*RECORDS FOR THE TASK*.
------------------------

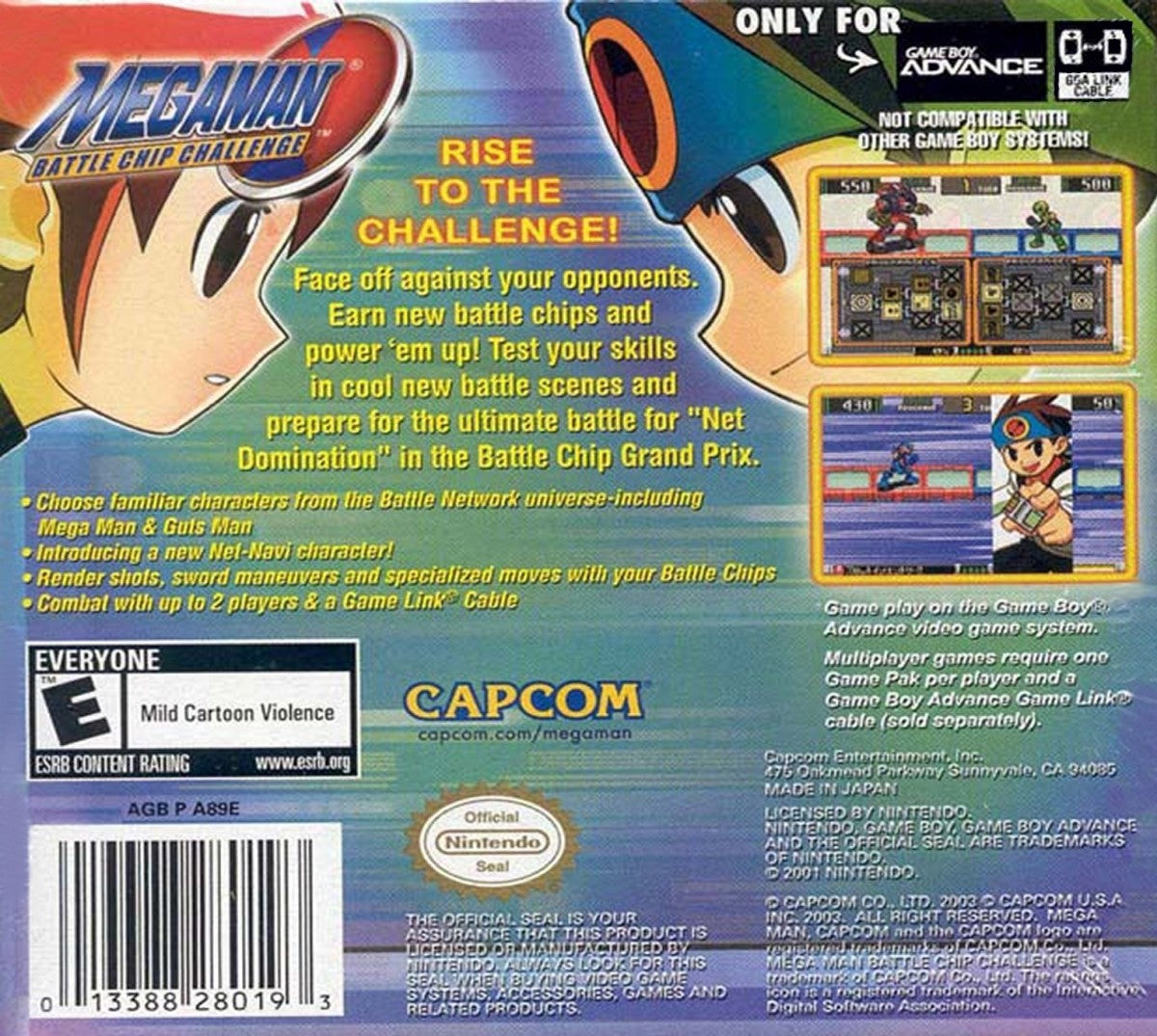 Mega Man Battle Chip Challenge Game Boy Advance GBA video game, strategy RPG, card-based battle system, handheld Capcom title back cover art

------------------------

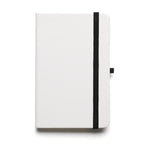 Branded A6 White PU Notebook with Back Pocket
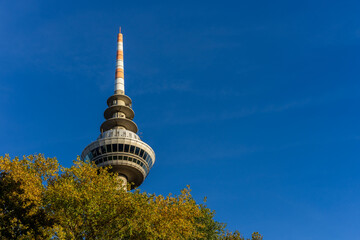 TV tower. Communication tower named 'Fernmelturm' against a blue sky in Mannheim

------------------------

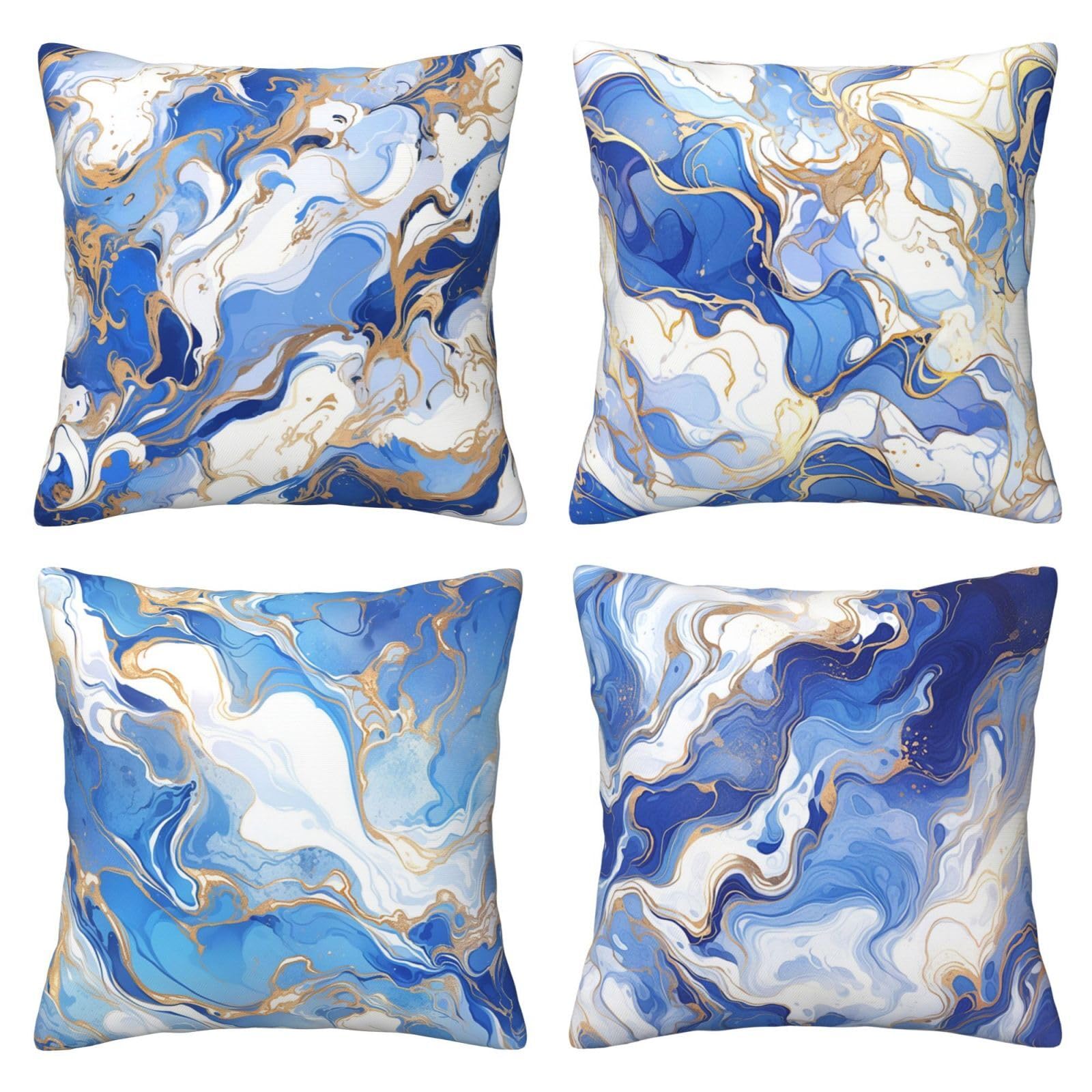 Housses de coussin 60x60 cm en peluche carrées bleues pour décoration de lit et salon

------------------------

*EXERCISE DETAILS*. Beginning with the line above that contains "Branded A6 White" and ending with the line that contains "TV tower. Communication", quote each line exactly, keeping out the pictures.

*EXPECTED ANSWER*.
 Branded A6 White PU Notebook with Back Pocket
 TV tower. Communication tower named 'Fernmelturm' against a blue sky in Mannheim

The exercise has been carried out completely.